Carrie credits some of that “extra support” to affordable housing such as what LRCD provides to her and her girls, as well as hundreds of other families and individuals throughout the greater Lakes Region. “As a single mom, to live in a safe and beautiful home is the most important thing because I have a healthy home for my children to grow up in,” says Carrie. Not only does LRCD offer its residents low rent, they offer a support system that includes things like rental assistance, help with paying electricity, community involvement with fellow LRCD residents, financial education, dental care assistance, and more. Carrie explains it as “almost like having another partner in my struggle. Someone else I can look toward, as a single parent.”
She adds, “It’s been incredibly important and helpful to me, to live somewhere that I’m not just my rent check. I’m a human being, first and foremost, and they care about the wellbeing of me and my family.”

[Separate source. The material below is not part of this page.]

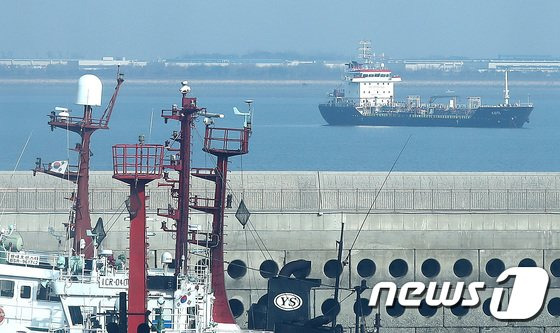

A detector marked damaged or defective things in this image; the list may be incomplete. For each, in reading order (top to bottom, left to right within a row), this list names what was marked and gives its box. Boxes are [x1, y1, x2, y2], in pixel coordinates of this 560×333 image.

rusty metal structure [34, 71, 124, 258]
rusty metal structure [111, 142, 164, 332]
rusty metal structure [156, 82, 250, 324] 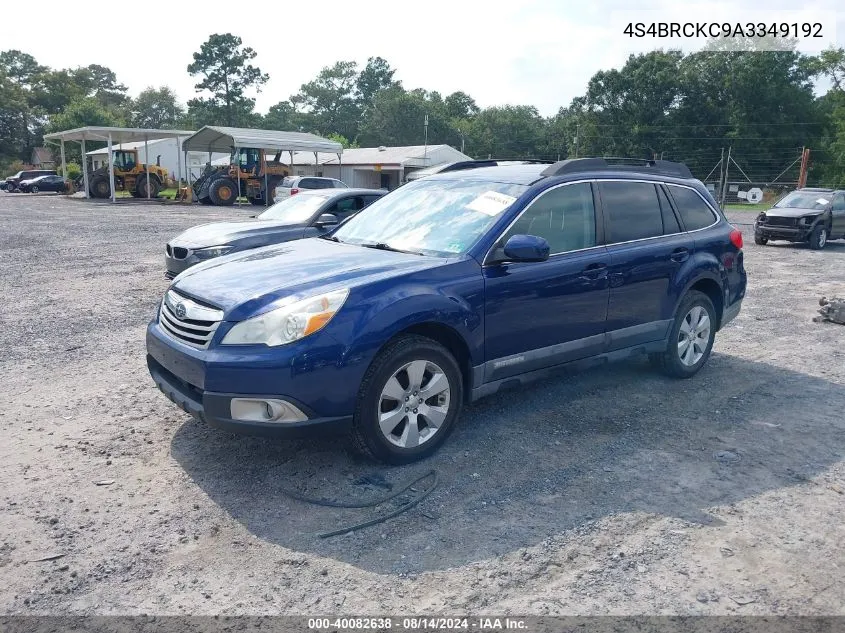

Without the benefit of living in an LRCD apartment, Carrie’s situation would be much different, and when she first moved here, it was.
She and her girls first lived in a typical market rental when they moved back to NH, but with Carrie working part-time and no option to work full-time, it was nearly impossible to make ends meet. When they moved out of that rental, it took Carrie a year just to pay off her water bill.
Many may be wondering why she couldn’t work full-time.
As Carried explains, “There are many lower income folks that can’t work full-time jobs.” In her situation, her youngest required 24-hour oxygen at the time, taking daycare off the table for Carrie to get a full-time job. Today, while her daughter is now in school with a para-educator who has a nursing background, she also requires many trips each month to places like Dartmouth, Boston Children’s Hospital, Mass General, speech therapy appointments and medical appointments. To have a typical full-time position just hasn’t been possible since her daughter was born.
As Carries puts it though, she is “perfectly capable of working full-time.” So, the flexibility she needs to be able to tend to her daughter’s needs, has also afforded her community the great gift of her time and her voice. And, with the breathing room that affordable housing and LRCD specifically provides, Carrie can shine like the star she is for her girls and her community.
She states, “My girls have come with me all over the state to different meetings and to testify. I’ve really tried to show them why getting involved in the community is important.”